### Data supplied
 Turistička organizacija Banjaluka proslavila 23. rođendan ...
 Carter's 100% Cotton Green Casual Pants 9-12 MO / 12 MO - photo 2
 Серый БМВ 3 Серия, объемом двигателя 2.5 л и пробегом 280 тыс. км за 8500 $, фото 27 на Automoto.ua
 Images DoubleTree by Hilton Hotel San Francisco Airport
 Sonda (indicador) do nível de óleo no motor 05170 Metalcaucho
---
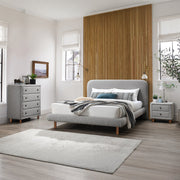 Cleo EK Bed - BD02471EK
...
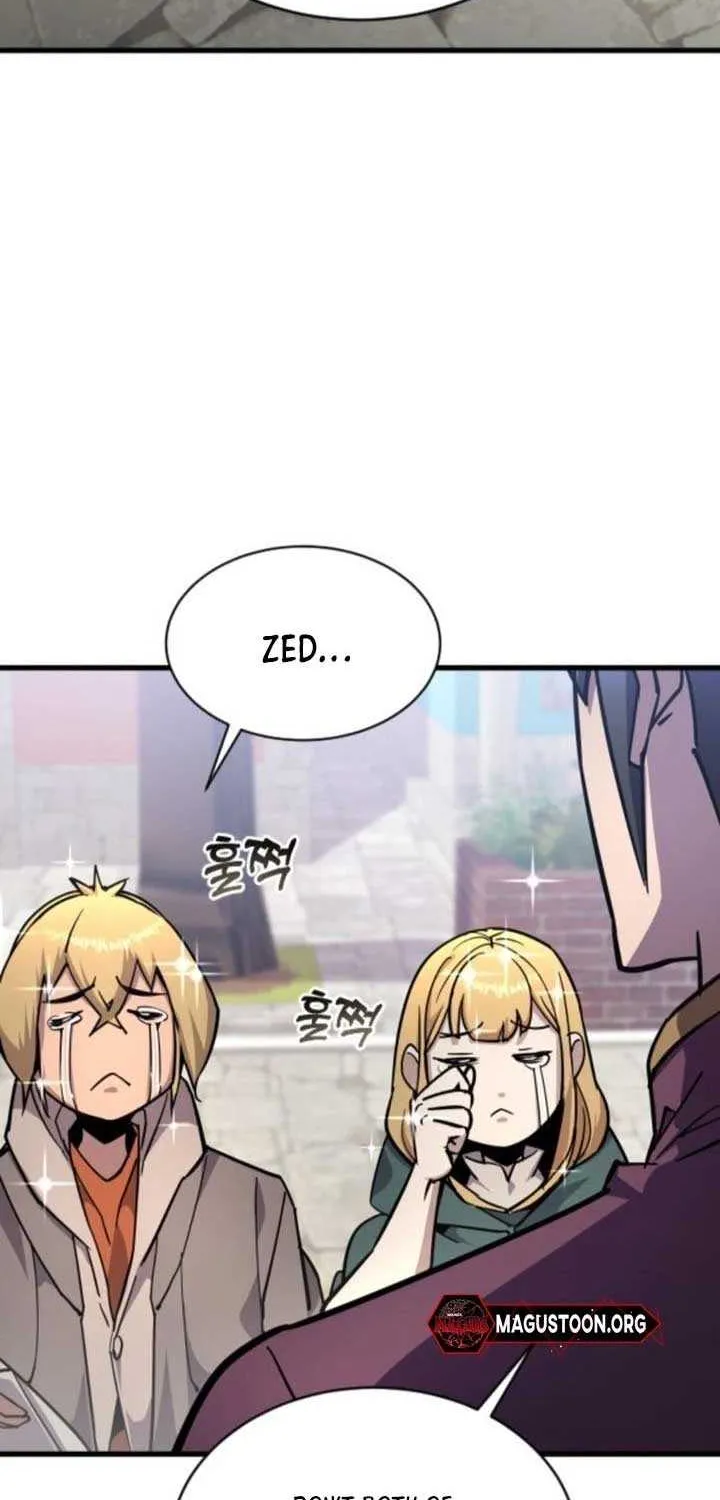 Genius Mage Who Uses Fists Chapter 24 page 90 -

### Exercise brief
From the records above, print only the lines between the one holding "Carter's 100% Cotton" and the one holding "Sonda (indicador) do", inclusive, exactly as they stand.

### Solved exercise
 Carter's 100% Cotton Green Casual Pants 9-12 MO / 12 MO - photo 2
 Серый БМВ 3 Серия, объемом двигателя 2.5 л и пробегом 280 тыс. км за 8500 $, фото 27 на Automoto.ua
 Images DoubleTree by Hilton Hotel San Francisco Airport
 Sonda (indicador) do nível de óleo no motor 05170 Metalcaucho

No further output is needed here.